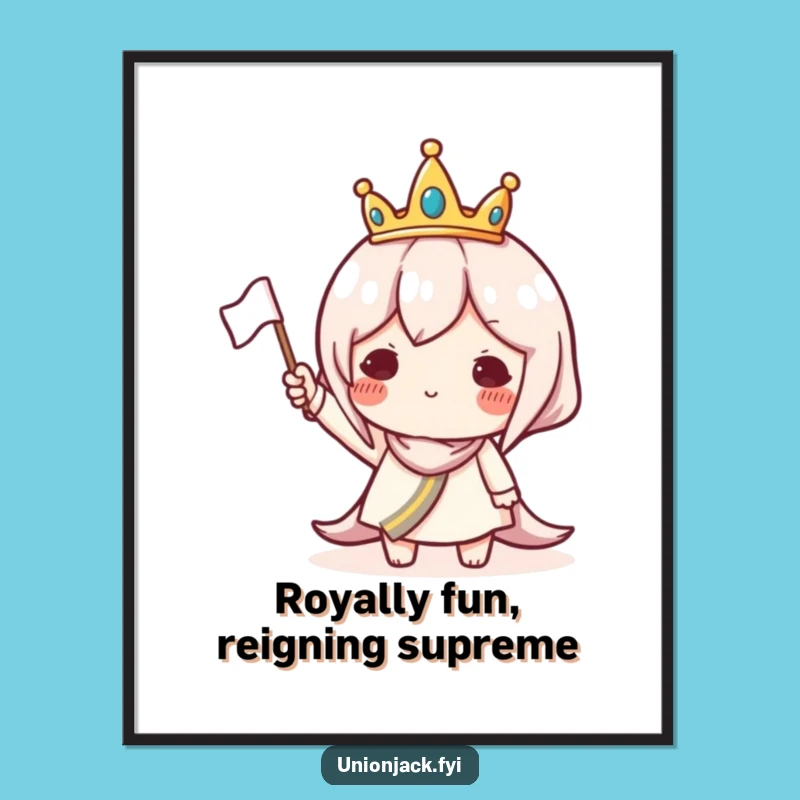 Free Printable Wall Art: Crowned Flag Waving Character - Whimsical Downloadable Art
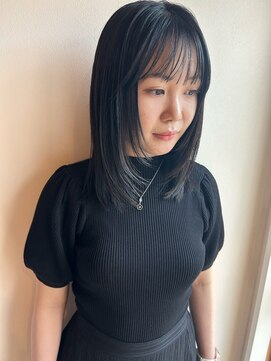 ツイギー 宮西店(TWiGGY) 黒髪ストレートに顔周りレイヤー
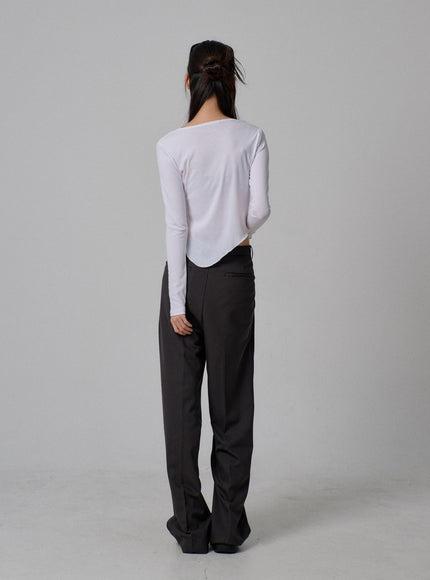 Scoop Neck Unbalanced Cropped Top IJ313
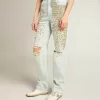 Jeans da donna sbiancati con cristalli cabochon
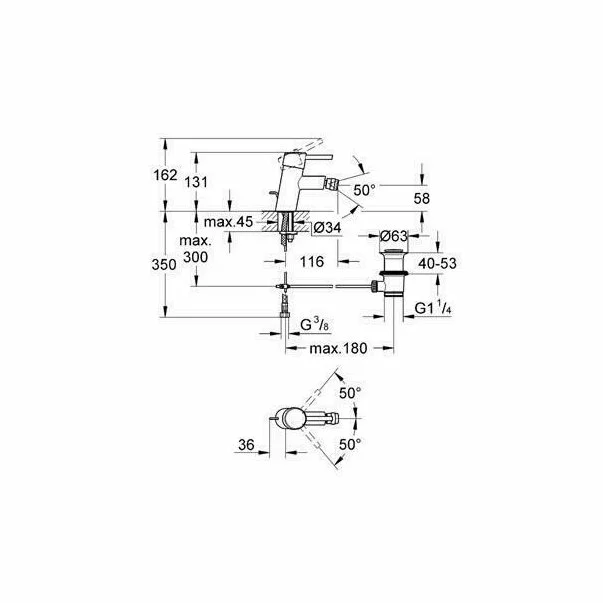 Baterie bideu Grohe Concetto crom lucios [2]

• What is needed
Transcribe exactly the lines that go from the one holding "Scoop Neck Unbalanced Cropped Top IJ313" through the last line of the entries, both included, and nothing besides them. Do not include any pictures.

• Output of the exercise
 Scoop Neck Unbalanced Cropped Top IJ313
 Jeans da donna sbiancati con cristalli cabochon
 Baterie bideu Grohe Concetto crom lucios [2]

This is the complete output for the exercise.